A Tibetan book of spells

Now, to turn swiftly from theory to practice, let’s look at an actual Tibetan book of spells. This book, the earliest surviving compendium of Tibetan Buddhist magical ritual, was found among the cache of thousands of manuscripts that had been sealed in a cave shrine at the beginning of the eleventh century. The shrine was part of a major Buddhist cave temple complex near the town of Dunhuang, in western China. The sealed cave was discovered by a Chinese monk in 1900, and subsequently visited by explorers from several colonial powers, who examined the manuscript cache and sent selections from it back to their own countries.

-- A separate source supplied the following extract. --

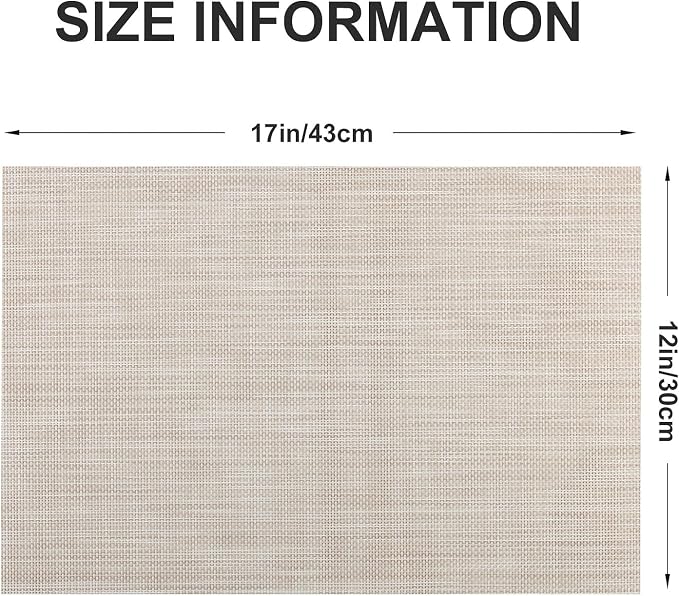 Vinyl Placemats Set of 8, PVC Woven Washable Non-Slip Table Mats, Heat - Image 4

The manuscripts found in the cave were arranged in bundles and may have been the personal collections of various Buddhist monks and nuns (and perhaps some lay people). As to why the cave was sealed, several scholars have suggested the threat of imminent invasion by non-Buddhists, but this is perhaps an overly dramatic explanation. Since the cave was almost full when it was re-opened, it may be that it have simply outlived its purpose. After it was sealed, the wall was painted over with a fresco, so the driving force behind sealing the manuscript cave may just have been that a patron was paying for redecoration.1

So this is the context in which this early Buddhist book of spells came to light. It is one of several thousand Tibetan manuscripts from the cave, yet in some ways quite different from all the others. The manuscript, which has the shelfmark IOL Tib J 401, is a codex, formed of bifolios stitched along the middle with thread. When opened out, the bifolios are oblong (8 x 19 cm). This format continues in later Tibetan manuscripts, and we have examples from as late as the nineteenth century.